La Cour suprême intègre l’obligation d’accommodement raisonnable dans la Loi sur les accidents du travail. Turbulences en vue?

Me Sébastien Parent est doctorant en droit du travail et libertés publiques à la Faculté de droit de l’Université de Montréal
Me Sébastien Parent est doctorant en droit du travail et libertés publiques à la Faculté de droit de l’Université de Montréal
Le très attendu arrêt Caron a été prononcé ce matin par la Cour suprême du Canada. Essentiellement, la question en litige dans ce pourvoi consistait à déterminer si l’obligation d’accommodement raisonnable de l’employeur peut être intégrée dans la Loi sur les accidents du travail et les maladies professionnelles (LATMP).

Un accidenté du travail invoque l’obligation d’accommodement devant la CLP

Pour rappel, M. Caron est victime d’un accident du travail alors qu’il occupe un poste d’éducateur au Centre Miriam. Il est incapable de reprendre cet emploi étant donné les limitations fonctionnelles permanentes qu’il conserve de sa lésion professionnelle.

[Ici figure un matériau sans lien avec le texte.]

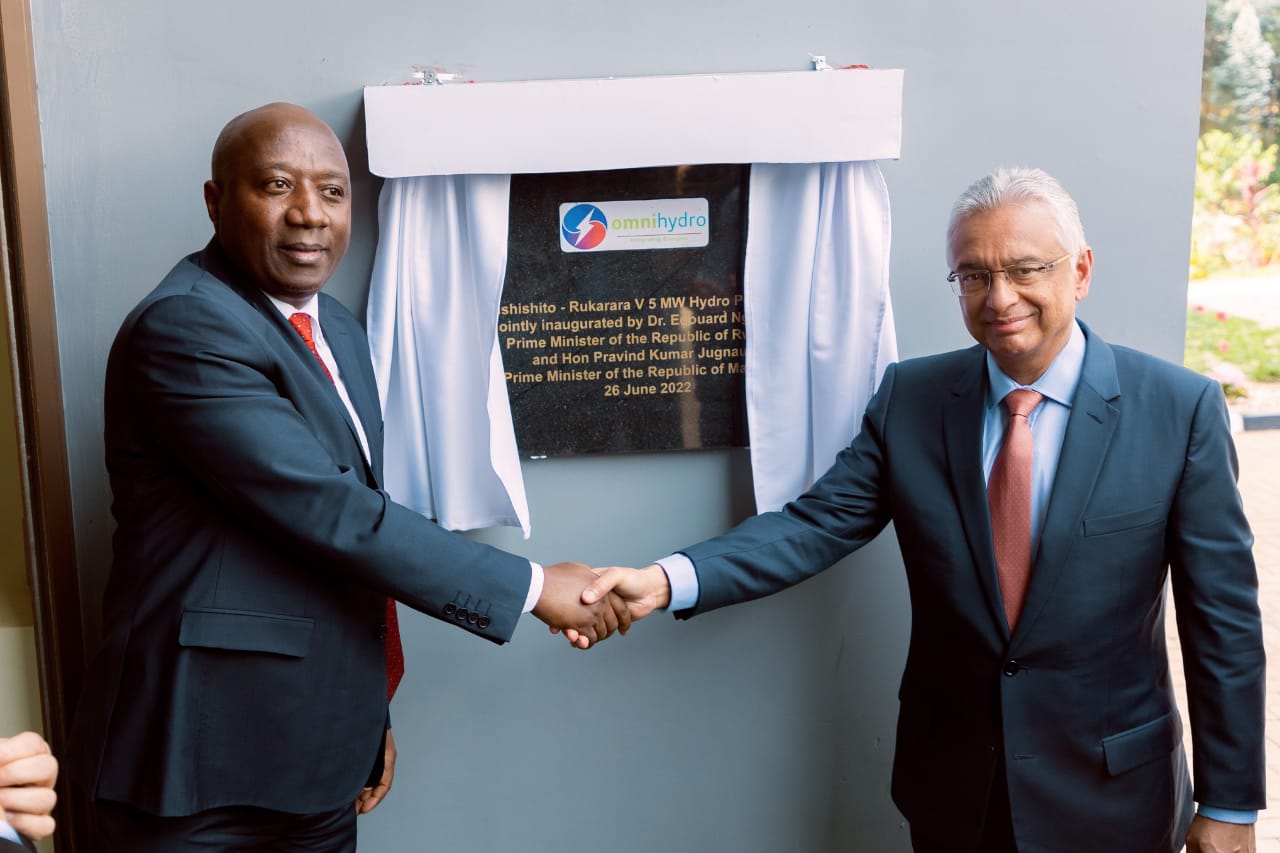 Prime Minister Edouard Ngirente and Pravind Kumar Jugnauth, Prime Minister of the Republic of Mauritius, after unveiling the inauguration plaque.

En conséquence, la CSST (aujourd’hui CNESST) met en œuvre le processus de réadaptation élaboré dans la LATMP. À cet égard, elle demande d’abord à l’employeur s’il a un emploi convenable à offrir à M. Caron, ce à quoi l’employeur répond par la négative. Fidèle au processus séquentiel édicté dans la loi, la CSST identifie alors un emploi convenable ailleurs sur le marché du travail, suite à quoi l’employeur procède au congédiement du travailleur, qui cumulait plus de 25 années de service.

Désirant maintenir son lien d’emploi, M. Caron souleva devant l’ancienne Commission des lésions professionnelles (CLP) que les limitations fonctionnelles dont il est atteint constituent un handicap, soit une caractéristique protégée par le droit à l’égalité garanti à l’article 10 de la Charte québécoise.

Ainsi, au moment d’identifier un emploi convenable, l’employeur aurait dû se soumettre à l’obligation d’accommodement raisonnable issue de ce droit à l’égalité. En l’espèce, cela aurait permis à M. Caron d’occuper des postes disponibles (mais non convenable au sens de la LATMP), qu’il avait identifiés chez son employeur et qu’il était en mesure d’accomplir.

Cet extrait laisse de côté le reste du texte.